Merkel wirbt für breiten Konsens
Bundeskanzlerin Angela Merkel (CDU) will um möglichst breite Unterstützung für eine Energiewende in Deutschland werben. "Die Bundesregierung setzt alles daran, diesen Weg zusammen mit einer breiten Mehrheit der Bürger zu gehen", sagte die CDU-Vorsitzende der "Bild am Sonntag".
Berlin - Umweltminister Norbert Röttgen (CDU) setzt dabei auch auf eine Verständigung mit SPD und Grünen. Merkel will Anfang Mai selbst mit Vertretern von Kirchen, Umweltgruppen und Gewerkschaften über die Energiewende diskutieren. Im Juni will sie mit den im Bundestag vertretenen Fraktionen diskutieren. Die Kanzlerin bekräftigte, die Atom-Katastrophe von Fukushima habe auch ihre persönliche Haltung zur Kernkraft und ihren Risiken verändert: "Auch ich habe dazugelernt." Röttgen plädierte im "Spiegel" dafür, "einen gemeinsamen Kurs auch mit SPD und Grünen zu finden, im besten Fall sogar einen nationalen Energiekonsens".
Merkel machte den Weiterbetrieb der für drei Monate abgeschalteten acht Atommeiler allein von den Ergebnissen der Sicherheitsüberprüfung abhängig. Laut "Spiegel" will sie Atomkraftwerke, die bei der Sicherheitsüberprüfung durchfallen, entweder direkt über eine "aufsichtliche Verfügung" im Konsens mit den Ländern vom Netz nehmen lassen oder über eine Änderung des Atomgesetzes durch das Parlament.
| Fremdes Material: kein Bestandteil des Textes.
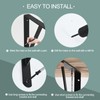 12 Pack L12 x H 8" Black Heavy Duty Shelf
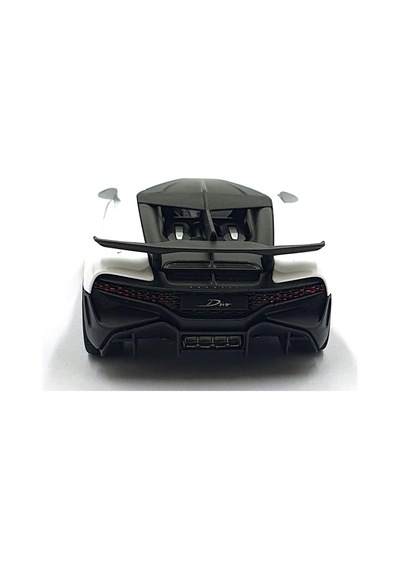 Kinsmart 1:36 Ölçek Metal Bugatti Divo Diecast Çek Bırak Araba Beyaz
Der Deutsche Gewerkschaftsbund (DGB) forderte als Grundlage für einen Atomausstieg ein neues Gesetz. DGB-Chef Michael Sommer zeigte sich in der "Neuen Osnabrücker Zeitung" überzeugt, dass die Energiekonzerne sich noch nicht geschlagen geben: "Die Extra-Profitmacher werden sich wehren. Deshalb ist eine neue gesetzliche Grundlage zwingend nötig."
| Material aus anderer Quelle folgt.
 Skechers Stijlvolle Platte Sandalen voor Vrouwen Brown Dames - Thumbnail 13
Nach der Klage des Energiekonzerns RWE gegen die Abschaltung des Atomkraftwerks Biblis A räumte Unionsfraktionsvize Günter Krings (CDU) in der "Neuen Osnabrücker Zeitung" ein, dass die sofortige Stilllegung der ältesten Meiler ein "juristisches und finanzielles Restrisiko" berge.
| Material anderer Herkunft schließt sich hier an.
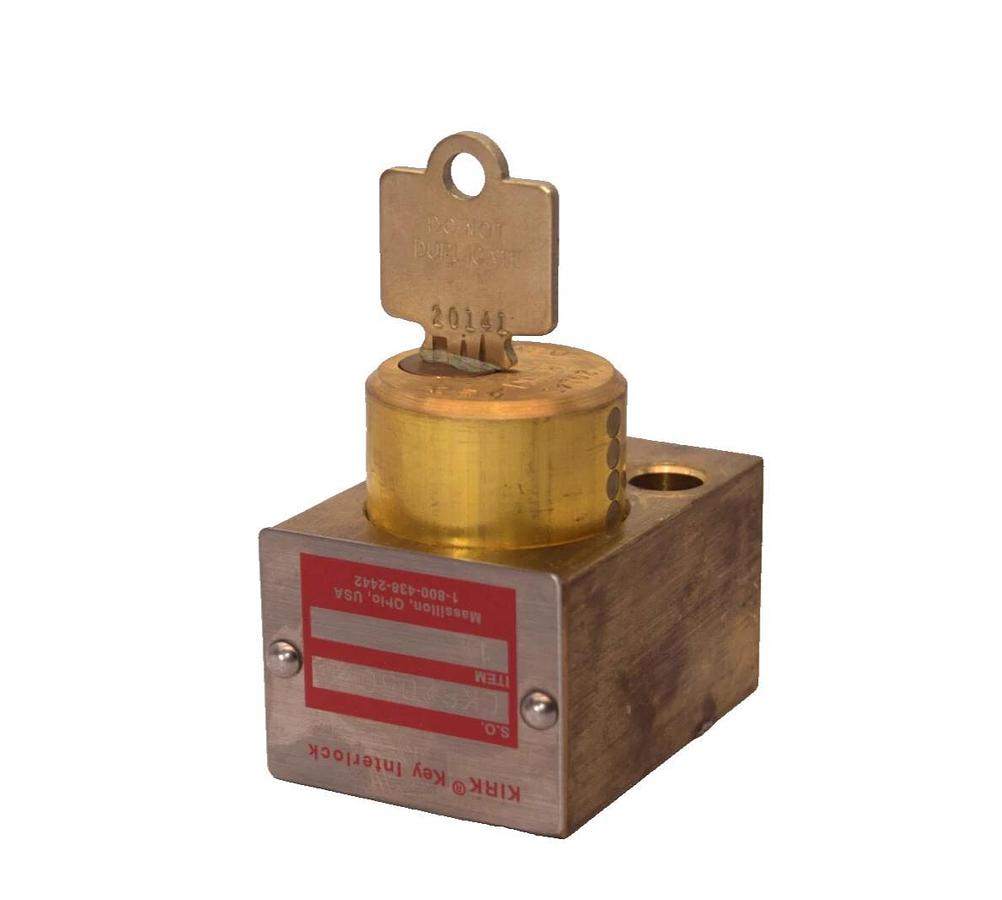 Used KIRK Key Interlock Lock With Key Included (Used)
Der FDP-Umweltexperte Michael Kauch geht dennoch davon aus, dass keine Schadenersatzansprüche der Energiekonzerne drohen. Die Laufzeiten der deutschen Reaktoren seien als Reststrommengen festgelegt, sagte er der Zeitung. "Wenn die Meiler jetzt für drei Monate außer Betrieb sind, darf anschließend also mehr oder länger Strom produziert werden."
Dies sieht Umweltminister Röttgen nicht zwangsläufig so. Entscheidend sei, "dass es bislang noch keine Investitionen auf der Basis der Laufzeitverlängerungen gegeben hat, die so etwas wie Vertrauensschutz auslösen könnten", sagte er.
Laut RWE drohen als Folge des Moratoriums höhere Strompreise: "Für Kunden von Versorgern, die sich jetzt zu hohen Börsenpreisen eindecken müssen, könnte sich das rein rechnerisch in einer Preiserhöhung von bis zu fünf Prozent niederschlagen", sagte Vorstand Leonhard Birnbaum der "Rheinischen Post". Unionsfraktionsvize Michael Fuchs wies in der "Rheinpfalz am Sonntag" darauf hin, dass die Preise an der Strombörse seit dem Moratorium bereits gestiegen sind. Nötig sei ein Ausstieg mit Augenmaß - "und kein Abschalten koste, was es wolle".
In der Union wird der Ruf nach einem raschen Atomausstieg immer lauter. Auch Unionsfraktionschef Volker Kauder forderte nun in der "Frankfurter Allgemeinen Sonntagszeitung": "Wir müssen so schnell wie möglich auf Kernkraftwerke verzichten." Bayerns Umweltminister Markus Söder (CSU) kündigte in der "Frankfurter Rundschau" einen Wettbewerb mit Baden-Württemberg an, wer die Energiewende schneller schaffe. Die stellvertretende CDU-Vorsitzende Ursula von der Leyen räumte in der "Süddeutschen Zeitung" ein, ihre Partei habe "die volle Dringlichkeit der notwendigen Energiewende" verschlafen.